Epi-LASIK is also a variant of PRK that, instead, combines elements of LASEK and LASIK. Epi-LASIK is essentially the same procedure as LASEK, but the epithelial “flap” is created using a special modification of the microkeratome blades generally used to make the (deeper) LASIK flap.

The advantage of the Epi-LASIK over LASEK is that no alcohol is used to create the epithelial sheet. This procedure has been shown to result in more rapid recovery and improved comfort when compared to PRK or LASEK.

However, for the same reasons that Dr. Kieval has abandoned the use of microkeratome blades for LASIK, Epi-LASIK possesses increased risk that is obviated by simply performing PRK.

Monovision

“Monovision” is a technique used to deal with the correction of presbyopia, the gradual loss of the ability of the eye to change focus for close-up tasks, which progresses after the age of 40. This practice was first applied successfully for contact lens wearers, in which one eye is fit with a contact lens to correct distance vision, and the other eye is fit with a contact lens to correct near vision.
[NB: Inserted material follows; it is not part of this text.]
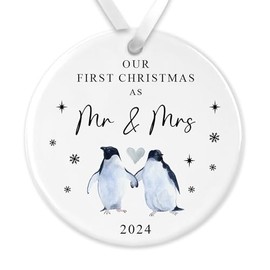 "First Christmas as Mr & Mrs" Watercolour Penguin Design Ceramic Bauble - Ideal Keepsake for Newlyweds' 1st Christmas Married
Similarly, with LASIK, a patient has one eye operated on to correct the distance vision, and the other operated on to correct the near vision.

Patients over the age of 40 who have symptoms of presbyopia have a choice. If both eyes are corrected to see well in the distance, then glasses will be needed for close-up work. The alternative is monovision. Monovision represents a compromise that allows for the preservation of both distance and near vision without the use of glasses. The majority of patients have no difficulties with this procedure, and it is the most common technique requested by eye specialists undergoing laser vision correction. A contact lens trial will always be performed prior to surgery to mimic the monovision effect and determine a patient’s level of comfort.